Read the full story by Lee McDavid, originally published by the John Sloan Dickey Center for International Understanding Institute of Arctic Studies.
Five Dartmouth graduate students in engineering, earth sciences, and ecology, bundled into puffy parkas and insulated pants, are standing on a layer of ice a mile thick, marveling at a panoramic 360-degree blanket of white. “It makes me feel so small. It’s humbling,” says earth sciences graduate student Lee Corbett. Tonight it will be near zero and she’ll be sleeping in a tent.
Welcome to the Greenland Ice Sheet, the first leg of the annual Dartmouth IGERT (Integrative Graduate Education and Research Traineeship) field seminar for graduate students in the polar environmental change program.
Only a matter of hours earlier, it was in the high 70s as she and the other IGERT students were boarding a C-130 Hercules transport plane at the Air National Guard base in Scotia, N.Y., for their flight to Kangerlussuaq, the site of an international science center at the edge of the Greenland ice sheet. After a cold, cramped flight on a plane designed for cargo, not human comfort, they touched down in Kangerlussuaq, excited already by their glimpses of Greenland from the air. “Most of the scientists on the flight huddled around the two windows in the tail, pointing and yelling over the roar of the engines,” Corbett posted on the IGERT student blog.

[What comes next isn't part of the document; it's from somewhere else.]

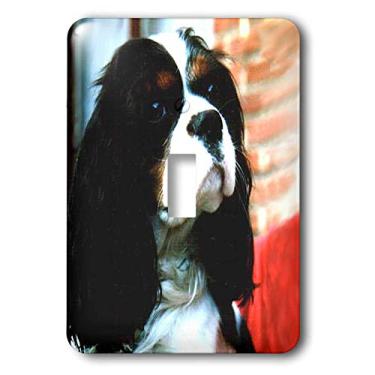 Imagem de 3dRose Cavalier King Charles Spaniels - Interruptor de alternância simples (lsp_981_1), varia
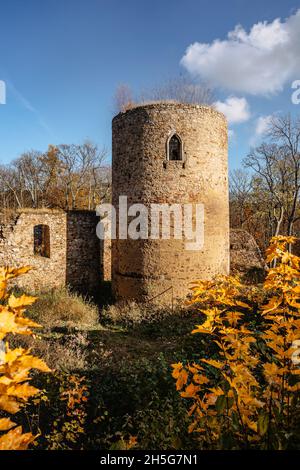 Ruines du château de Valdek en Bohême centrale, Brdy, République tchèque. Il a été construit au XIIIe siècle par la famille aristocratique.il y a maintenant une zone d'entraînement militaire Banque D'Images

The Greenland Field Seminar is one of the defining pieces of Dartmouth IGERT, which is a program of the Dickey Center’s Institute of Arctic Studies. It’s one of the flagship interdisciplinary initiatives of the National Science Foundation. The program is training a new generation of scientists and engineers to work across disciplines on the effects of rapid climate change in polar regions.
“It’s exciting to be in a place I’ve spent countless hours reading about. Just being here reinforces the significance of the research in which I participate at Dartmouth,” says earth sciences IGERT student Ali Giese.